EXERCISE DIRECTIONS. In the data below, find the line containing "Volkswagen Passat, 2003 - pohled č. 2"; transcribe it and each line after it exactly, through the last, skipping pictures.

Scraped caption text data.
====

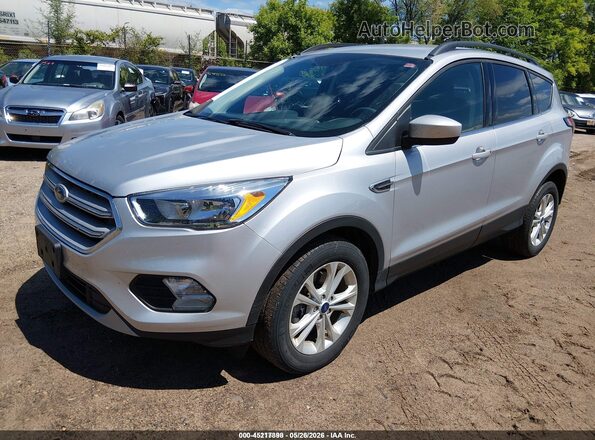 1FMCU9GD0JUD08869 2018 FORD ESCAPE Silver წინა მარცხენა ხედი სამი მეოთხედიდან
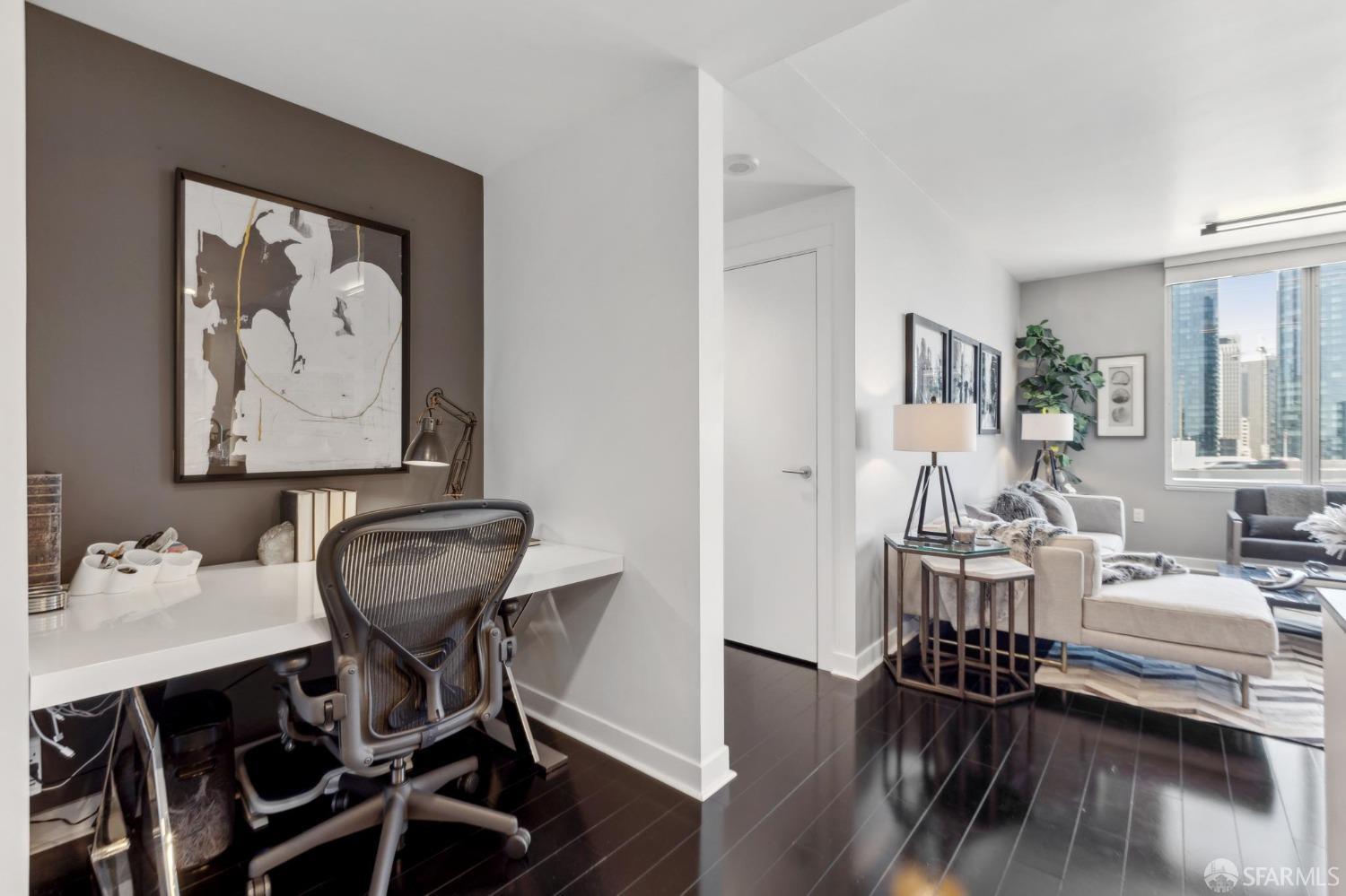 501 Beale Street # 18E
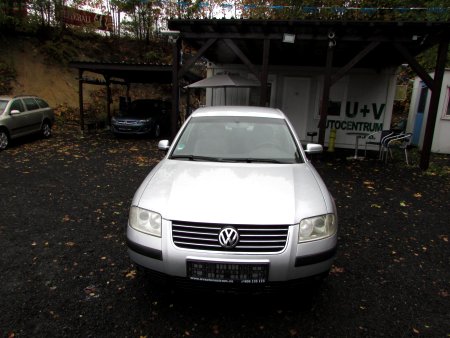 Volkswagen Passat, 2003 - pohled č. 2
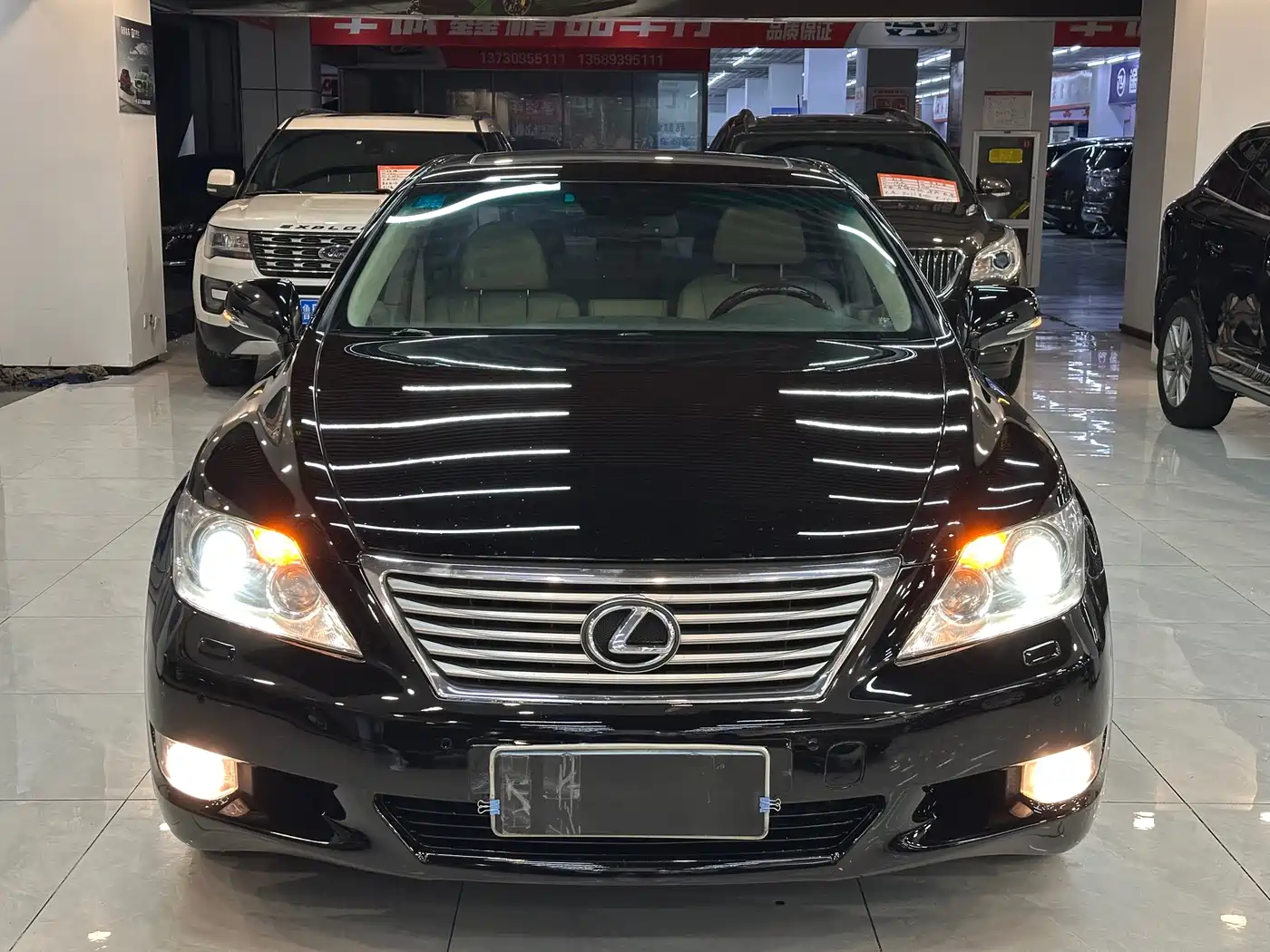 Lexus LS 2010 460L Premium Edition фото 2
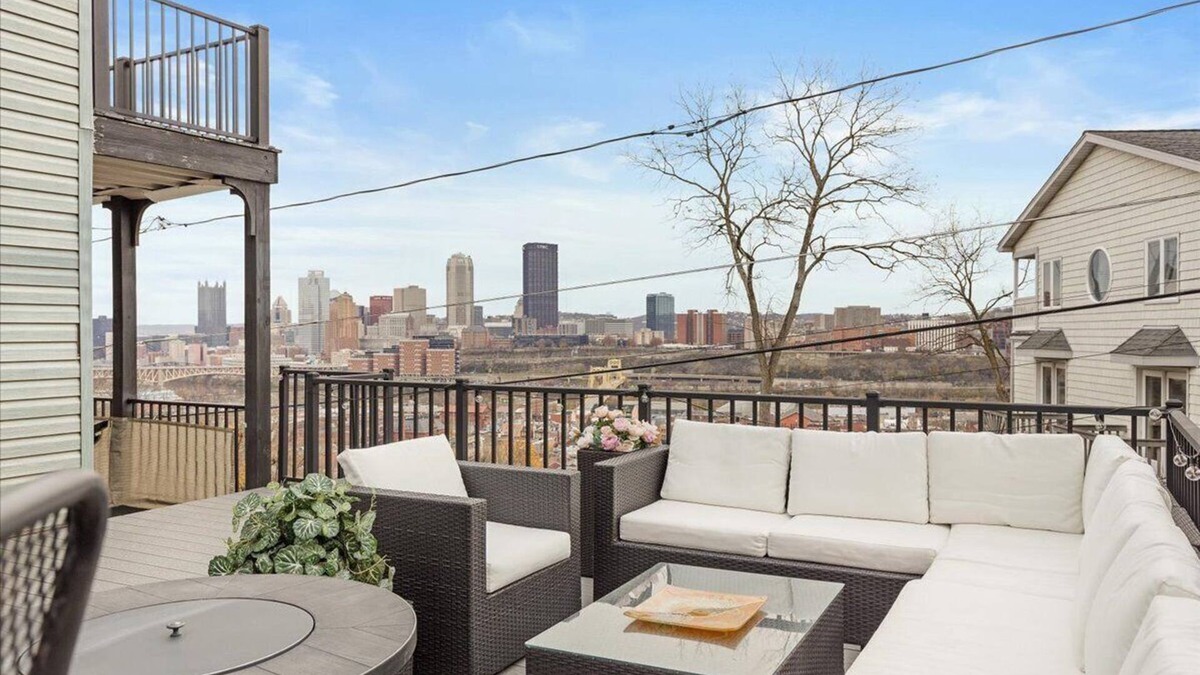 South Side Slopes Apartment | Wow! Skyline Sunset Escape On Hackstown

====

EXERCISE RESPONSE.
 Volkswagen Passat, 2003 - pohled č. 2
 Lexus LS 2010 460L Premium Edition фото 2
 South Side Slopes Apartment | Wow! Skyline Sunset Escape On Hackstown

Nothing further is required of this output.